Human rights are a fundamental part of the work of the United Nations and of the Organization's very identity. Respect for human rights is the indispensable foundation for lasting peace and sustainable development. I am pleased to be inaugurating this room on the eve of the 60th anniversary of the Universal Declaration on Human Rights. The anniversary is an opportunity to reaffirm our commitment to the principles of the Declaration and to redouble our efforts to make them a reality for all.
The Alliance of Civilizations, for its part, is a very important and practical initiative that is linked intrinsically to human rights, and which has already succeeded in overcoming barriers of distrust. We see, almost on a daily basis, the polarizing impact of prejudice and suspicion among the peoples of the world. Spain and Turkey have played a dynamic role as convenors of the Alliance. I thank Prime Minister Erdoðan of Turkey for his presence today, and for Turkey's continued strong commitment and leadership of the initiative. And I commend the Group of Friends of the Alliance, many of whom are represented today, for their role in advancing dialogue, mutual respect and the other objectives of the initiative.
I very much look forward to the discussions and decision-making that will take place in this room. The design itself might be thought of as a metaphor for our work. The colours look different depending on where you are seated. That reminds me of the old saying about politics, “where you stand depends on where you sit”.

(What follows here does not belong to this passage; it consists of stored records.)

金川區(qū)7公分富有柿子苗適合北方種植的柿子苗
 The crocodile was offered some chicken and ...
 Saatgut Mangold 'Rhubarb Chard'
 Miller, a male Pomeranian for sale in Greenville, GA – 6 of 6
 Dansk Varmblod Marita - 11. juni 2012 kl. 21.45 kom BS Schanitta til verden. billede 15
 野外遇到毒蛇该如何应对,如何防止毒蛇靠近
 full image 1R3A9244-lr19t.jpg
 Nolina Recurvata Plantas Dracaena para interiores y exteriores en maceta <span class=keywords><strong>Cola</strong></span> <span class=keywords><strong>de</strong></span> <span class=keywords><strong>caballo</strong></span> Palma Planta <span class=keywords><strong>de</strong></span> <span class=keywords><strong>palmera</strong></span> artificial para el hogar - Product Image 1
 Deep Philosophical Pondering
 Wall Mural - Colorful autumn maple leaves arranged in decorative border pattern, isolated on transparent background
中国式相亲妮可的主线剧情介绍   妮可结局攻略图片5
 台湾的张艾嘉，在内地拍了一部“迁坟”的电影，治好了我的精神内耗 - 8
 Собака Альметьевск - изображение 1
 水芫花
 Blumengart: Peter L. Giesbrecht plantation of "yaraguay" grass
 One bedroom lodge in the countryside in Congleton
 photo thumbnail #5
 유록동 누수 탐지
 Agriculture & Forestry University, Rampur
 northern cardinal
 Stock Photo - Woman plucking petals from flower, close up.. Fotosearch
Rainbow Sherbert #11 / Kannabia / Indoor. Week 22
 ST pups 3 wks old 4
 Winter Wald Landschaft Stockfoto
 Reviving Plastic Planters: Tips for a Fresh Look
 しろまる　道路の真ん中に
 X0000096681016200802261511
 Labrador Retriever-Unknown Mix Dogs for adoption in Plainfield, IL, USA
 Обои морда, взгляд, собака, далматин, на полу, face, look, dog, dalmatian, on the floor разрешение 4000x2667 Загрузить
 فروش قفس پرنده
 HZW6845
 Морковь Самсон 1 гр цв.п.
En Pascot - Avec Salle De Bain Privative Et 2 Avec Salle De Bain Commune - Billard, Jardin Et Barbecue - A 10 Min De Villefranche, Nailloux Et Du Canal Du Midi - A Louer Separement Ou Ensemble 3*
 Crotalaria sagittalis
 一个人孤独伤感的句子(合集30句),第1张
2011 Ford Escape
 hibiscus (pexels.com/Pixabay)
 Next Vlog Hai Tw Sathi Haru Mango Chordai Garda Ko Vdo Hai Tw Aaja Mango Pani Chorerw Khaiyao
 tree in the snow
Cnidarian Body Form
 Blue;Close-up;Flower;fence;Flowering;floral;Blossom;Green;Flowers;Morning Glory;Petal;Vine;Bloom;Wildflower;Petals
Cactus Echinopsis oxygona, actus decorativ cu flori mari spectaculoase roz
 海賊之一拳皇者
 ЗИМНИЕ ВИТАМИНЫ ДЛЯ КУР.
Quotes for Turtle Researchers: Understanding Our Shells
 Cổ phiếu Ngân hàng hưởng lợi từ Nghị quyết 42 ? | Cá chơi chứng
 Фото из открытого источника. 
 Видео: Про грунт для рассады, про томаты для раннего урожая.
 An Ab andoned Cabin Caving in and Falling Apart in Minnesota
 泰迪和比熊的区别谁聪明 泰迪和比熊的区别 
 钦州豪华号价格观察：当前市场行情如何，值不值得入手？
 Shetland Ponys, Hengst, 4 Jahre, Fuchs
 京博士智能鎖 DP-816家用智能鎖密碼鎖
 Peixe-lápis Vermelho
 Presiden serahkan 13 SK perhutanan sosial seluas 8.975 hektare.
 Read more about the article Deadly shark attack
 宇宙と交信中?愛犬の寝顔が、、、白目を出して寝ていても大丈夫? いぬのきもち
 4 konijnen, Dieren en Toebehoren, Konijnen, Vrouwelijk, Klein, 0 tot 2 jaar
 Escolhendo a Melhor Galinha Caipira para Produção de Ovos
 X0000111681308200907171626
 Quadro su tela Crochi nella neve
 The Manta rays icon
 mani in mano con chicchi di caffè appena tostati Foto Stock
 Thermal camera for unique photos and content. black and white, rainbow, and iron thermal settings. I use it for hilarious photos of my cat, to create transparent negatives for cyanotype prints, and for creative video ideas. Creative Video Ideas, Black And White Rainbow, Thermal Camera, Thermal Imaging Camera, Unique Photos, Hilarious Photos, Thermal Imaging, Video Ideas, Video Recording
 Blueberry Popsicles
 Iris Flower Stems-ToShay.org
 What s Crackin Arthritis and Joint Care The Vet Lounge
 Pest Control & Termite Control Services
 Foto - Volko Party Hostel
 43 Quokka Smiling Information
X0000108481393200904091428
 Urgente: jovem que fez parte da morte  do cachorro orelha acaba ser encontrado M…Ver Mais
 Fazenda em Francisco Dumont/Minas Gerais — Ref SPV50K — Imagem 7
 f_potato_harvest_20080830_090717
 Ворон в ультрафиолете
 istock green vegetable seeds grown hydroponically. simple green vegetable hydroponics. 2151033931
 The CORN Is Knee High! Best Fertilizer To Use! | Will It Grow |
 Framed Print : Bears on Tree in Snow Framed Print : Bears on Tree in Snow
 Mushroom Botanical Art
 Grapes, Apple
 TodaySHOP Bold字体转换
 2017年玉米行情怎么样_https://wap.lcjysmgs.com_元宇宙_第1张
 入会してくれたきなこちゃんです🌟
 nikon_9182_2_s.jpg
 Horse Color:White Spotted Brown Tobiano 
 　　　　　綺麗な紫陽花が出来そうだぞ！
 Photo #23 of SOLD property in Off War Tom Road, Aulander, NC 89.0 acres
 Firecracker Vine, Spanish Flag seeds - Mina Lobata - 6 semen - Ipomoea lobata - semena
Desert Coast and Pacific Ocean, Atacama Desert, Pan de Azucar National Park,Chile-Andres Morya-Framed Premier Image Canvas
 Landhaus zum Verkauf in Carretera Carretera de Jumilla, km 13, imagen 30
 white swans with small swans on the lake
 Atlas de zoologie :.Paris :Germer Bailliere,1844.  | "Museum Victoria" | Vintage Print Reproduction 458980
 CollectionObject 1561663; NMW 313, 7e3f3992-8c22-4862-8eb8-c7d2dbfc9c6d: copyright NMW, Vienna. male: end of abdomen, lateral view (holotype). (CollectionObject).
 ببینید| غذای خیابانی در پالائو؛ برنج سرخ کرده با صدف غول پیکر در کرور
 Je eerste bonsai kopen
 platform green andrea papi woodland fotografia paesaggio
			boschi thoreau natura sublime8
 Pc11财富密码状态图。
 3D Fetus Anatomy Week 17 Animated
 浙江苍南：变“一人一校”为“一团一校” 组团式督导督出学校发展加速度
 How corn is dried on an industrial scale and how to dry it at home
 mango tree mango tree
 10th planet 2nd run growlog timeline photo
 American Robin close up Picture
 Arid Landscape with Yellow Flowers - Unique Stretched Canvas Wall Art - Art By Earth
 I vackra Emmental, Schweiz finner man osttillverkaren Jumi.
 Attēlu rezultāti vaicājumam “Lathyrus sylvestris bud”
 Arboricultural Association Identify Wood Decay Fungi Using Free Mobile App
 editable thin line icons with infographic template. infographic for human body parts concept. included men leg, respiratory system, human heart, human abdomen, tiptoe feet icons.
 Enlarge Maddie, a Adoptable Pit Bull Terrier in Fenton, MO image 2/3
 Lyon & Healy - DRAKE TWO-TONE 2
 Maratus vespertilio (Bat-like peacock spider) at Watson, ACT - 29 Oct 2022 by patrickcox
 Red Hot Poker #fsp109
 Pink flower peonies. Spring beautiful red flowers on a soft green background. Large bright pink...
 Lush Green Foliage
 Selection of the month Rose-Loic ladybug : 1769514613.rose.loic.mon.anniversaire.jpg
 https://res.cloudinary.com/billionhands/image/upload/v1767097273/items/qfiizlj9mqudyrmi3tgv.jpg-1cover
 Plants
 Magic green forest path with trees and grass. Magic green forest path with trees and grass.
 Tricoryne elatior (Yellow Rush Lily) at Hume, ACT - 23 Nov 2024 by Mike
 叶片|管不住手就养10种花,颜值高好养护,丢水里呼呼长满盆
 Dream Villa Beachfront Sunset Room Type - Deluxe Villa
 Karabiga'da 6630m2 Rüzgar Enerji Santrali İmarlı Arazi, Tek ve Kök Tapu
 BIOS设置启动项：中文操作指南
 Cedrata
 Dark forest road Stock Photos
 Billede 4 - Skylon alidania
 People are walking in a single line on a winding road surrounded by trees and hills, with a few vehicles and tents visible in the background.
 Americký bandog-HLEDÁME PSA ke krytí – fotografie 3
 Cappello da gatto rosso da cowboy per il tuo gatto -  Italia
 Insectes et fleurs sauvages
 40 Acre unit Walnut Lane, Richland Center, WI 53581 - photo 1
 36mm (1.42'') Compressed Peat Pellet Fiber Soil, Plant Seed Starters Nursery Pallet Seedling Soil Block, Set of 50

The correlation to multilateralism is clear. Countries and people have different perspectives on the challenges we face. As they discuss these matters, they can come to appreciate the different dimensions of a problem. And just as we might need to spend some time in this room, and look at the design from different angles in order to see it completely, so must we have a full range of views if we are to properly address global challenges.
And indeed, multilateral solutions are more necessary than ever. From the financial crisis to climate change and the Millennium Development Goals, the time has come to take multilateralism to a new, stronger and more inclusive level.
At the G-20 meeting this past Saturday, I stressed the need for global solidarity. The next month offers two important tests. At the Financing for Development conference in Doha later this month, we have a chance to rejuvenate the global partnership for development. And in December, climate change negotiators meeting in Poland have a chance to take crucial steps towards an agreement on this existential threat.
Like those rooms where leaders gather, this room will be a forum in which all countries, large and small, developed and developing, can air their grievances, highlight their aspirations, and hopefully, in the end, find consensus.
I understand that the construction of this magnificent dome involved techniques that were never used before, and that materials were used in new combinations. We can see the results. They are stunning.
In that spirit, let us bring the same sense of innovation to the work that will now take place here. Let us not settle for the status quo, but instead be visionary, creative and bold.
This Human Rights and Alliance of Civilizations Room is a wonderful addition to the United Nations that will capture the imagination of all who will work here. I again thank everyone involved in bringing it into being.